“He has brought down the powerful from their thrones,
and lifted up the lowly; he has filled the hungry with
good thingsand sent the rich away empty.”
When asked how he wanted to be buried, ancient Greek philosopher Diogenes replied: “face down”. When asked why, Diogenes explained that the powers of the day had turned the world upside down, and he wished to be buried the right way up. Who could not sympathize with Diogenes as we read today’s news! The world does seem helter-skelter, upside-down, topsy-turvy; our hearts scream for justice!
Today’s news reads much like it read in Isaiah’s day as rulers “call evil good and good evil, who put darkness for light and light for darkness” (Isaiah 5:20).
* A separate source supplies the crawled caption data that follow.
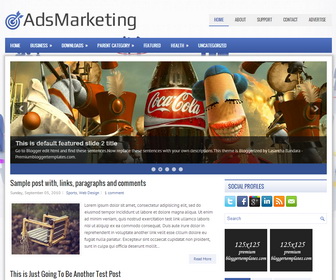 AdsMarketing Blogger Template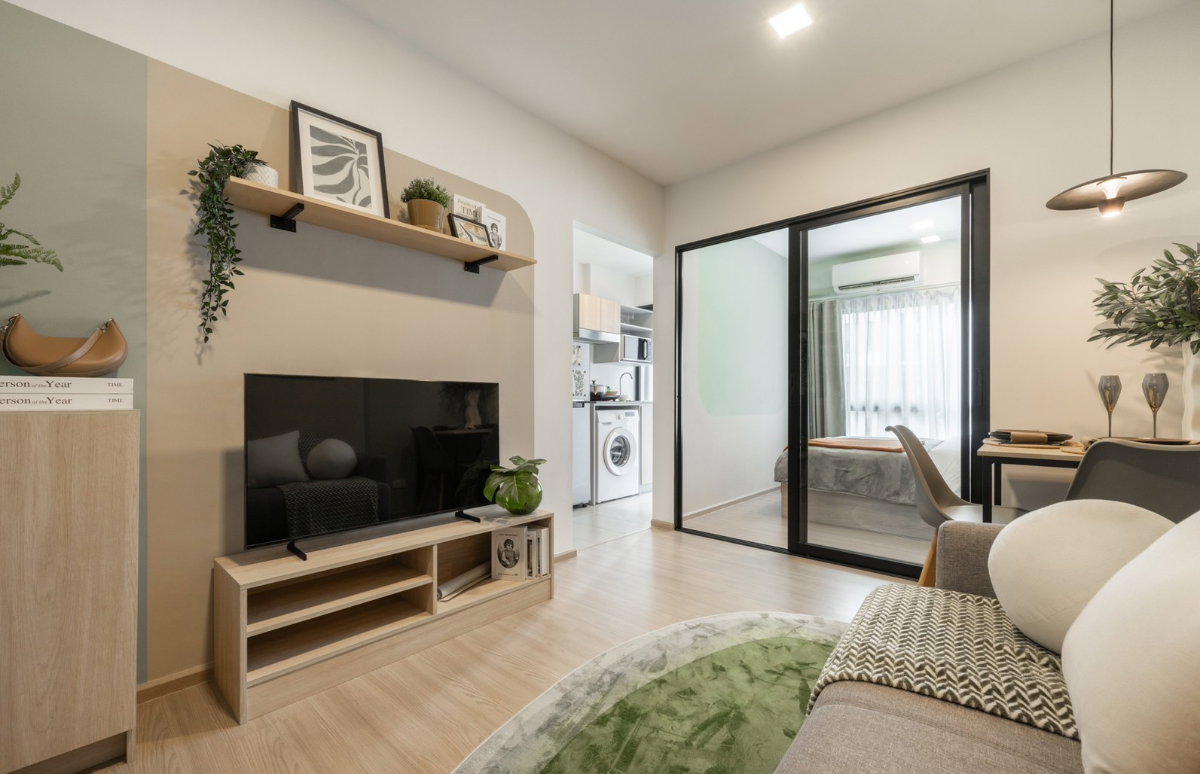 รูป “ตื่นปุ๊บถึงงาน! คอนโดเวย์ อมตะ ชีวิตโคตรง่าย ไปทำงานได้ใน 1 นาที🚗 ” ราคาเริ่ม 999,0000 บาท - รูปที่ 5/16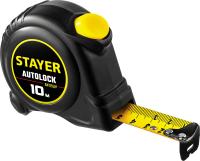 Рулетка с автостопом STAYER АutoLock 10м / 25мм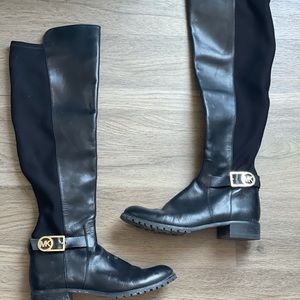 Michael Kors leather boots
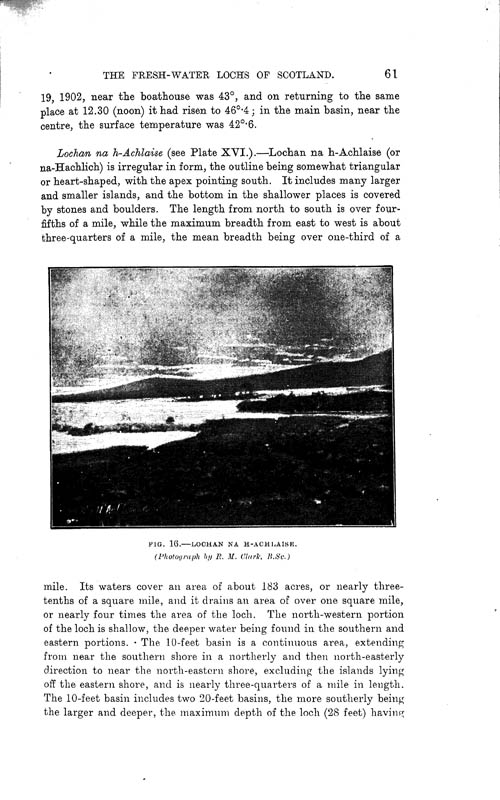Page 61, Volume II, Part I - Lochs of the Tay Basin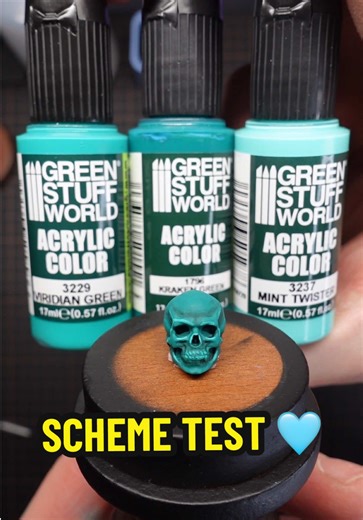 Testing Turquoise and Teal Color Schemes for Miniature Painting
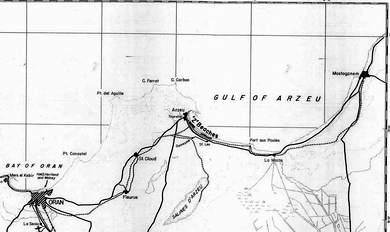 Map of Gulf of Arzew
The leaders of the people are “wise in their own eyes…heroes in drinking wine…who acquit the guilty for a bribe, and deprive the innocent of their rights” (Isaiah 5:21-23). The whole world is upside down.
But in today’s words from Mary’s Song she sings in the “prophetic perfect” about Messiah setting things right. She speaks of future justice as an already accomplished fact: “He has brought down the powerful from their thrones, and lifted up the lowly”.
Unlike gods of the ancient world the God of the Bible does not favor the powerful or ruling class, but demonstrates a particular love for the lowly. Few themes in Scripture are emphasized as much as God’s zeal for bringing justice to the oppressed, and for turning the world right side up.
As a descendant of King David, Mary had probably memorized and meditated on God’s promise of a “Child” from the house of David who will bring “endless peace for the throne of David and his kingdom. He will establish and uphold it with justice” (Isaiah 9:6-7).
The Hebrew word translated “justice” is mishpat, which means, “to establish things on earth according to the heavenly pattern”. Messiah will come and set things right and “bring forth justice to the nations” (Isaiah 42:1). God’s Kingdom will come, and His will be done on earth as it is in heaven when Messiah sets up His reign over all.
Martin Luther King Jr. affirmed that, “the arc of the moral universe is long, but it bends toward justice”. All history bends towards that day when Messiah will bring down the thrones of the powerful, and lift up the lowly and broken.
One of the highlights of the Advent Season for many people is listening to Handel’s Messiah. Whether listening at home to a CD, or in a concert hall or church, we thrill to the magnificent “Hallelujah Chorus”. Our hearts are brave again as we hear its promise: “The kingdoms of this world are become the kingdoms of our Lord, and of his Christ; and he shall reign for ever and ever” (Revelation 11:15).
Mary is a “lowly” peasant girl living under the jackboot oppression of the Romans and their puppet King Herod the Great. They strut across the scene of world history, but Mary knows that Messiah will bring them down. She sings joyfully of Messiah’s Day when the kingdoms of this world become the kingdoms of our Lord and of His Christ. The Child growing within Mary will bring justice to an upside down world.
As our world bends towards the Day of Messiah, God summons us to serve the lowly and oppressed. He is a God who favors humble peasants and women unable to bear. Pray that on the great Day we might be counted among the “righteous” who will hear Messiah say:
I was hungry and you gave me food, I was thirsty and you gave me something to drink, I was a stranger and you welcomed me, I was naked and you gave me clothing, I was sick and you took care of me, I was in prison and you visited me… Truly I tell you, just as you did it to one of the least of those who are members of my family, you did it to me (Matthew 25:35-36, 40).
- Why do you think God wanted shepherds to be the first to hear the news of the Savior’s birth?
- What are the practical implications of God being born in a humble dwelling rather than a palace or Roman villa?
- In Matthew 25 Jesus speaks of serving those who are the “least” of His family. Who are some of the “least” that you see in the world today?